CHAPTER 2 End-to-End Machine Learning Project Flashcards
What are the main steps we need to take for an End-to-End ML project? P 65
- Look at the big picture.
- Get the data.
- Discover and visualize the data to gain insights.
- Prepare the data for Machine Learning algorithms.
- Select a model and train it.
- Fine-tune your model.
- Present your solution.
- Launch, monitor, and maintain your system.
In page 67 there’s a link to an appendix, explaining details of each step.
What is the first question to ask when beginning an ML project? P 67
The first question to ask your boss is what exactly the business objective is.
What are upstream and downstream systems? External
An upstream system is any system that sends data to the Collaboration Server system. A downstream system is a system that receives data from the Collaboration Server system.
What’s a pipeline? P 68
A sequence of data processing components is called a data pipeline.

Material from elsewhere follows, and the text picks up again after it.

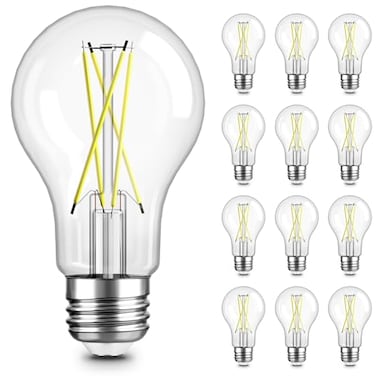 TJOY 12 Pack A19 Vintage LED Edison Bulbs Dimmable 60W Equivalent High Brightness 5000K Daylight UltraBright 8W E26 Standard Base 800 Lumens CRI80 Clear Glass Filament Bulb for Home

What’s the difference between online learning and batch learning? External
In computer science, online machine learning is a method of machine learning in which data becomes available in a sequential order and is used to update the best predictor for future data at each step, as opposed to batch learning techniques which generate the best predictor by learning on the entire training data set or batches of it. (Mahsa: Basically online learning is using stochastic gradient descent for updating weights and batch learning is using batches for updating weights)
What should we do after defining the problem? P 69
Your next step is to select a performance measure.
How is Root Mean Square Error (RMSE) calculated? P 70
It’s the root of Mean Square Error so its:
radical(1/m sigma (prediction-y)^2))
What is the most common performance metric for regression problems? What performance metric do we use when we have many outliers? P 71
Even though the RMSE is generally the preferred performance measure for regression tasks, in some contexts you may prefer to use another function. For example, suppose that there are many outlier districts. In that case, you may consider using the mean absolute error (MAE, also called the average absolute deviation.
Computing the root of a sum of squares (RMSE) corresponds to the …norm: this is the notion of distance you are familiar with. It is also called the …, denoted as … P 71
Euclidean, ℓ2 norm, || ·||2 (or just || ·||)
Computing the sum of absolutes (MAE) corresponds to the…, denoted as …. This is sometimes called the …norm because it measures the distance between two points in a city if you can only travel along orthogonal city blocks. P 71
ℓ1 norm,||·||1, Manhattan
How is MAE calculated? P 71
MAE= sigma(|prediction - y|)/n
More generally, the ℓk norm of a vector v containing n elements is defined as: ____ P 71
||v||^k = (|v0 | ^k + |v1 | ^k + … + |vn | ^k ) ^1/k
Why the RMSE is more sensitive to outliers than the MAE? P 71
The higher the norm index (∥v∥^k = (|v0 | ^k + |v1 | ^k + … + |vn | ^k ) ^1/k ), the more it focuses on large values and neglects small ones. But when outliers are exponentially rare (like in a bell-shaped curve), the RMSE performs very well and is generally preferred.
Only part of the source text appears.